Beyond the standard picture controls, there's an array of advanced options. You can choose to engage DynaLight, which does improve black levels in dark scenes, although we left it off for critical viewing since it changes the black level according to program content. We kept Dynamic Contrast off for the same reason. We did appreciate the eight gamma settings (we used the lowest setting, minus-4, because it provided the most CRT-like rise from black) and three color temperature presets, as well as the ability to adjust the color temperature's blue and green drive (although we'd prefer the full six, or at least three, adjustments here). There are two kinds of noise reduction with four levels each, as well as a setting that introduces edge enhancement. Toshiba also throws in a Color Master Pro option that we found problematic enough to leave turned off.
Conveniences abound on this set, starting with the unique ability to interface with a home network via a rear-panel Ethernet connection. This feature allows the 52LX177 to display digital photos (JPEG files only) and play digital music (MP3 only) that are stored on another computer on the network. Furthermore, the set includes an e-mail client, so you can actually view e-mail (POP3 only, which includes most ISP-based e-mail as well as Google's Gmail but not the basic Hotmail or Yahoo mail services).
Unfortunately we weren't able to get any of these features to work properly by press time.

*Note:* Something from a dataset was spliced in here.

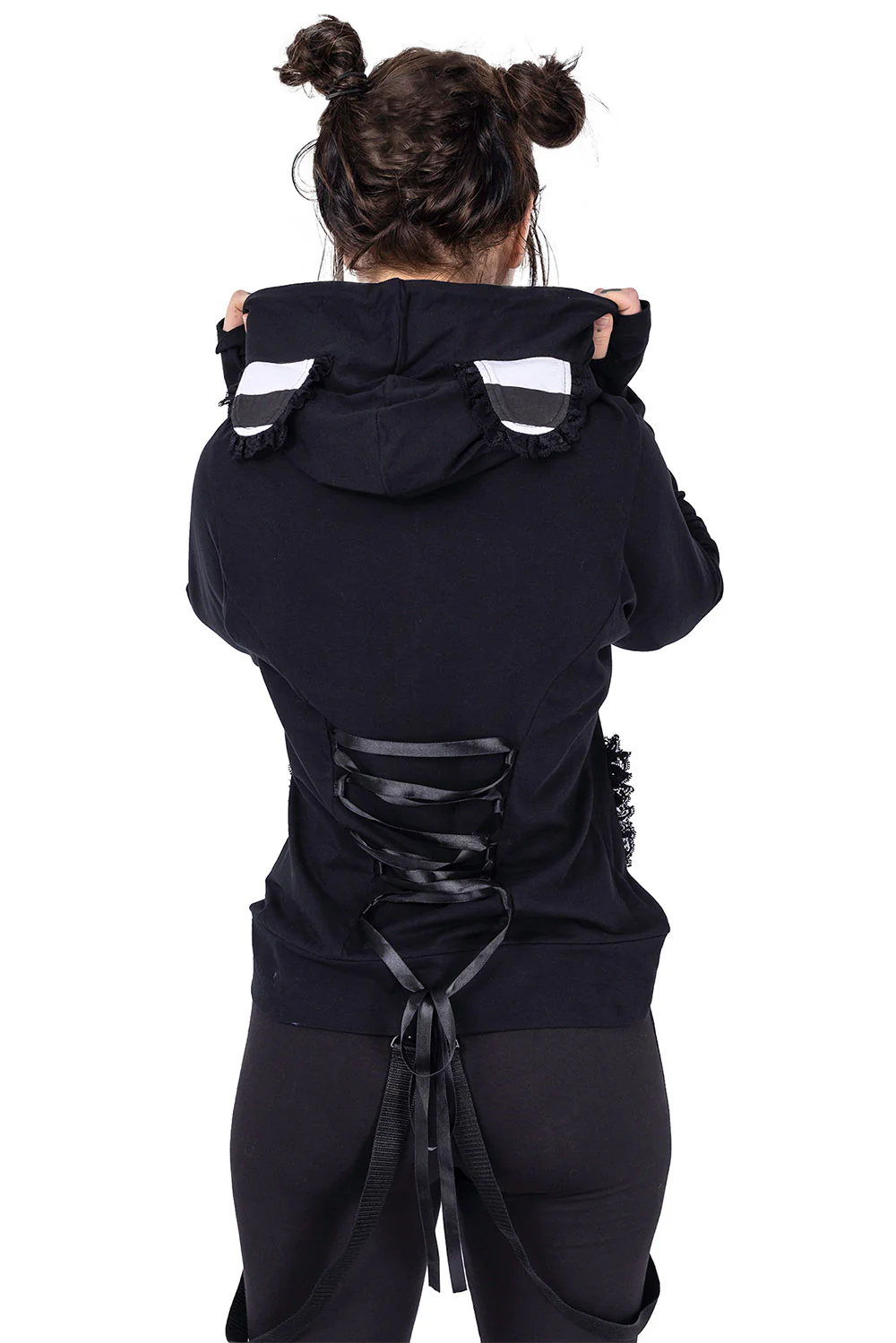 KP Frill Hoodie - Image 8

We tried setting up the TV to access our Gmail account but were stymied by--of all things--the lack of an "@" sign on the virtual keyboard for username entry. Other POP3 services that don't require an @ in the username might work fine, but we didn't try any others aside from Gmail. We were also unsuccessful at using the JPEG and MP3 browser. Once we finally got the TV to recognize our PC--which involved changing our PC's username, since the virtual keyboard lacked a "space" option--we couldn't access the folders. Perhaps users with a bit more patience can get these features to work properly.
Among more conventional conveniences, there's a picture-in-picture mode that lets you view two sources at once. There's also the ever-popular game mode that disables some video processing with the ostensible goal of shortening any delay between your fingers and the onscreen action (we didn't test this mode). Surprisingly there's no dedicated power save mode that affects the TV while it's turned-on, although you can engage a mode that makes the TV emerge from standby very quickly. As usual, this mode causes the set to consume significantly more power when turned off--29 watts versus 0.85 watt in default mode, which can add significantly to your electric bill.
Connectivity on the 52LX177 is ample, including three HDMI inputs, two component-video inputs, a PC input (just 1,024x768 resolution), an AV input with composite and S-Video, an RF jack for cable or an antenna, and an Ethernet port. The side panel offers an additional AV input with composite video only.